-- Opening Marker --
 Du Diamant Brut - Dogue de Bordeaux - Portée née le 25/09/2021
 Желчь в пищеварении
-- Closing Marker --
-- Opening Marker --
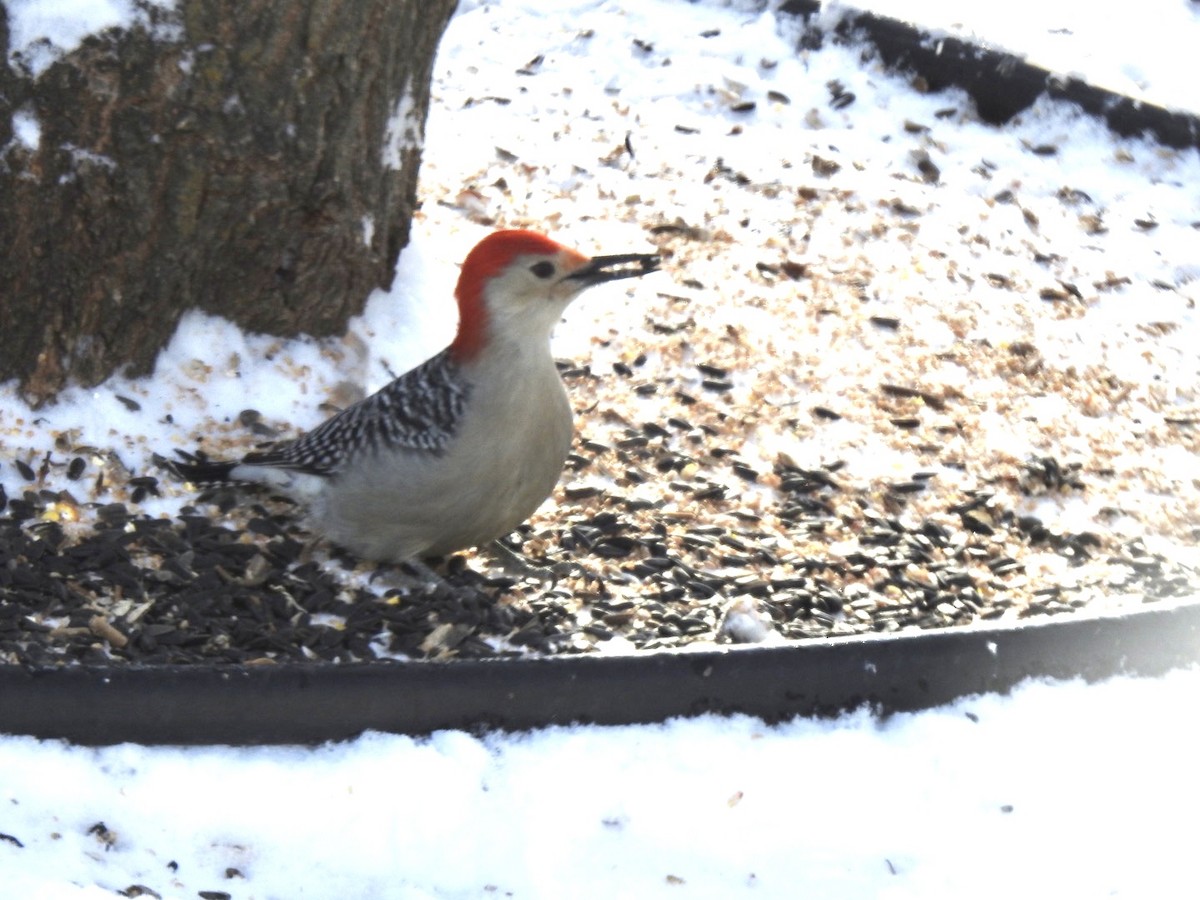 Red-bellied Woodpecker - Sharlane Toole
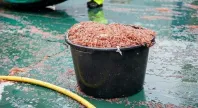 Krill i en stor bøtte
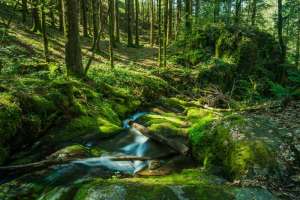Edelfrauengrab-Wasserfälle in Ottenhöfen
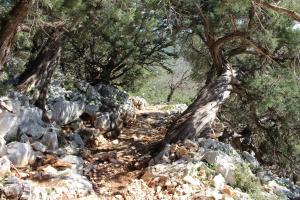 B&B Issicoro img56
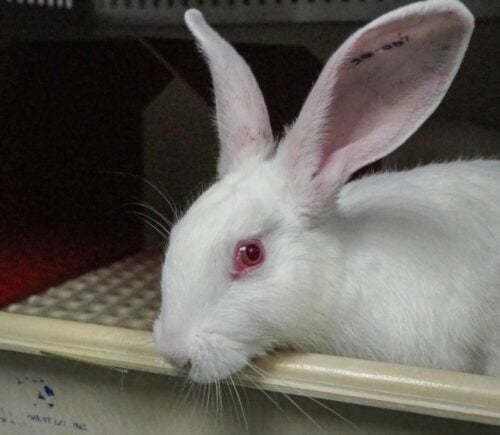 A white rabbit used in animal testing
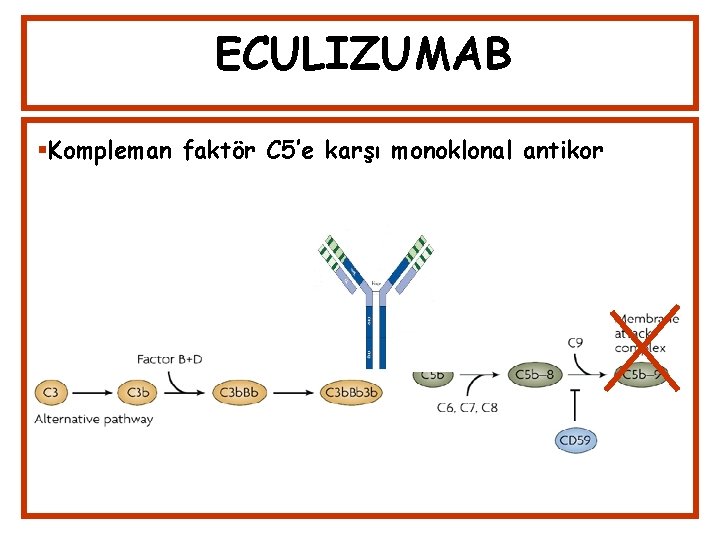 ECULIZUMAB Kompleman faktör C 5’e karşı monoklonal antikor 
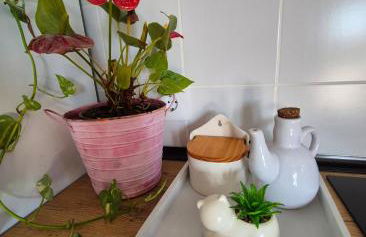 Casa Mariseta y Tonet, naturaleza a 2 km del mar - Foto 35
-- Closing Marker --
While skipping the pictures, transcribe the data above from the line showing "Edelfrauengrab-Wasserfälle in Ottenhöfen" through the line showing "Casa Mariseta y", exactly and with both ends.

◆ Your response
Edelfrauengrab-Wasserfälle in Ottenhöfen
 B&B Issicoro img56
 A white rabbit used in animal testing
 ECULIZUMAB Kompleman faktör C 5’e karşı monoklonal antikor 
 Casa Mariseta y Tonet, naturaleza a 2 km del mar - Foto 35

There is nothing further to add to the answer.